According to the National Association for Sport and Physical Education, only about 4% of elementary schools, 8% of middle schools, and 2% of high schools provide adequate time for physical education classes for students. In fact, many schools have been cutting or reducing physical education (P.E.) programs due to budget constraints, the focus on academic subjects, increasing class sizes, the rise of technology and the increase of screen time and viewing it as a non-essential subject. This can have negative effects on students’ physical and mental health, as well as their academic performance.
At Our Lady of Guadalupe School, we consider physical education (P.E.) to be an essential component of a well-rounded education that promotes physical fitness, healthy habits, and overall well-being.
P.E. at OLG: A Whole Body Health and Fitness Program
At OLG, we believe that participating in a high-quality P.E. program provides numerous benefits for students, perhaps more than any other subject. Physical education is critical to our health, well-being, and overall development. The benefits of physical education in schools are far-reaching, including better academic performance. Physical education is more than just running around a track or kicking a ball. It teaches children key life skills alongside improving their health and wellbeing. Promoting a positive mindset about exercise from an early age will help to keep students stay healthy as they get older.
In addition, P.E. classes are another outlet to commit ourselves to celebrate differences, promote communication and self expression, and to foster gospel values. All classes contain a cooperative game or activity to encourage inclusion and community. P.E. and sports have been used as a practical tool to engage young people in their communities through volunteering, resulting in higher levels of leadership, community engagement and altruism among young people.
More than just Fitness
Physical education that begins in early childhood demonstrates the value of cooperation. Through modeling pro-social behaviors in class, children gain skills that pave the way for healthy interactions and relationships throughout life. This teaches them essential communication, as well as social skills. It helps them learn to work alongside a diverse range of peers and be able to support others. Learning the fundamentals of popular sports also provides a constructive way for our students to fit in with their classmates, especially as they approach adolescence. Being able to understand a range of sports allows them to be part of something bigger than their classroom.

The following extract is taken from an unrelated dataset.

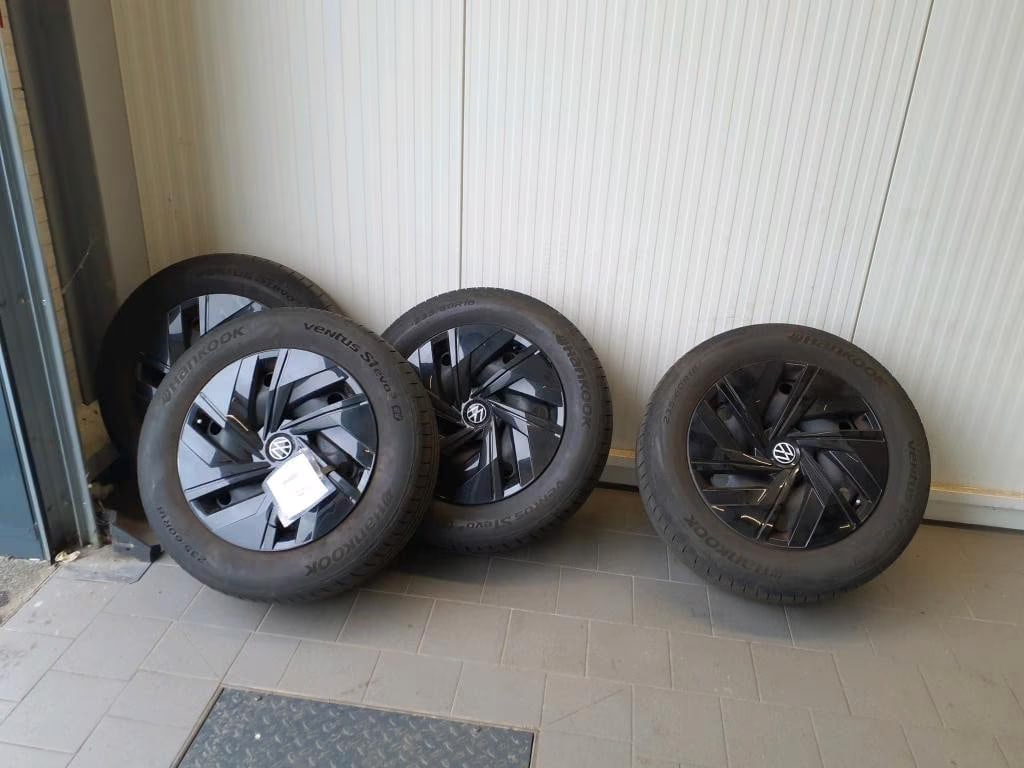 Volkswagen ID.4 2022 8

As they hone their physical abilities, children learn self-discipline and goal-setting. They learn that there will always be winners and losers but that it is important to accept this and to get back up when needed, or in turn to encourage those around us to carry on.

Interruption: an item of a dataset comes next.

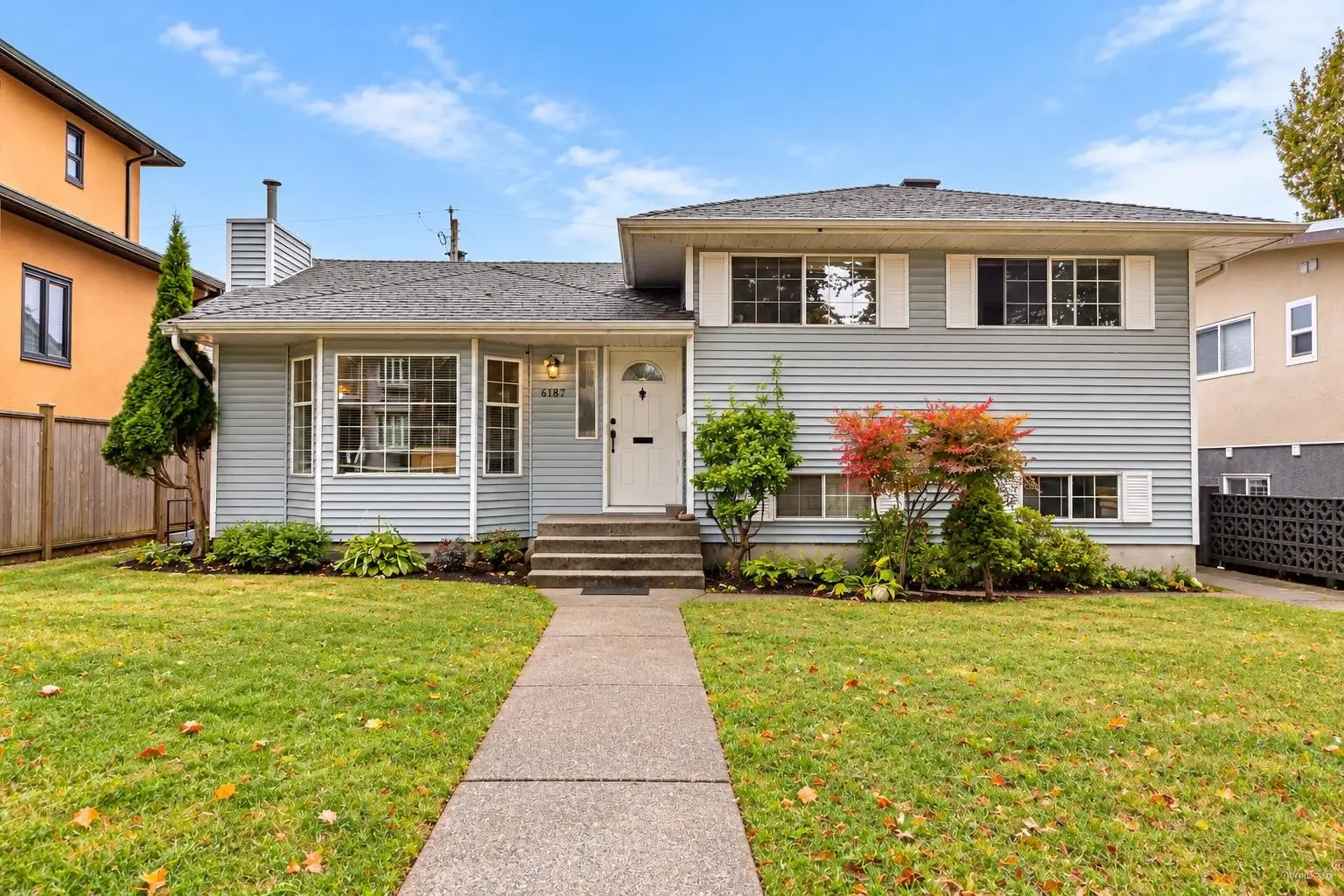 6187 ARLINGTON STREET, Vancouver BC V5S 3N4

Discipline is essential for sport and physical education and this can be both mental and physical. In P.E. and sports, children need to follow rules. Sometimes they must accept decisions that they may not agree with. This teaches them an important life skill that will help them throughout their life and careers.
The curricular goals for the school year are motor skill development, health enhancing physical activity and interactive behavior development. The National Association for Sport and Physical Education (NASPE) recommends a minimum of 60 minutes of quality physical education for all students daily, or 150 minutes per week for elementary. Our curriculum is based on the NASPE National Standards for Physical Education.

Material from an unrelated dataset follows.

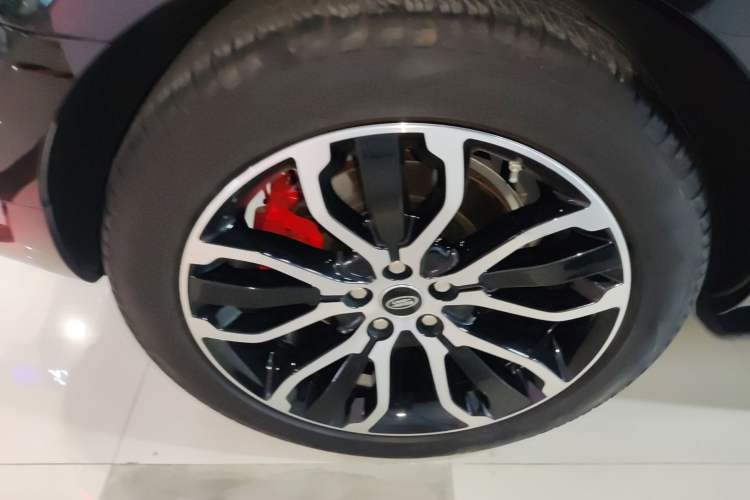 Used Land Rover Range Rover Sport 2021 3.0 L6 YAO Black Edition
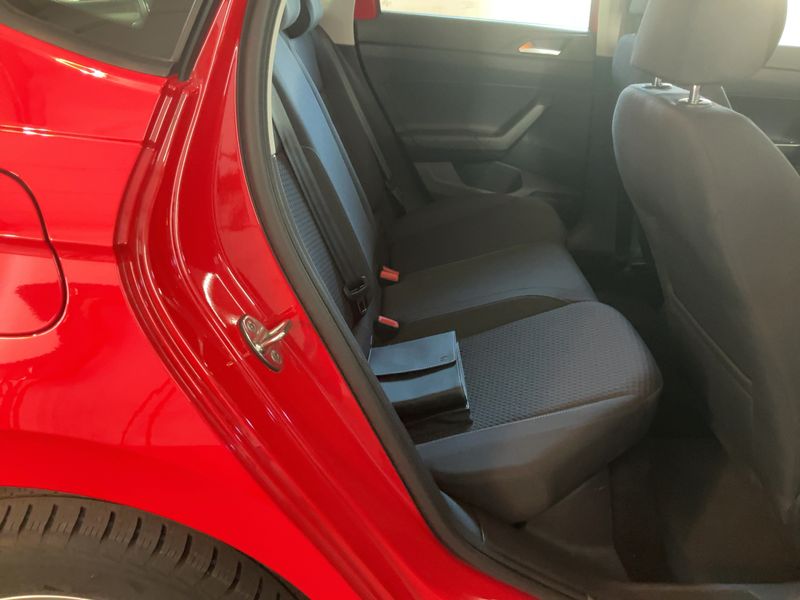 Volkswagen Polo 1.0 TSI Comfortline 2018 – снимка 19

Standard 1: Demonstrates competency in motor skills and movement patterns needed to perform a variety of physical activities.
Standard 2: Demonstrates understanding of movement concepts, principles, strategies, and tactics as they apply to the learning and performance of physical activities.
Standard 3: Participates regularly in physical activity.
Standard 4: Achieves and maintains a health-enhancing level of physical fitness.
Standard 5: Exhibits responsible personal and social behavior that respects self and others in physical activity settings.
Standard 6: Values physical activity for health, enjoyment, challenge, self-expression and/or social interaction.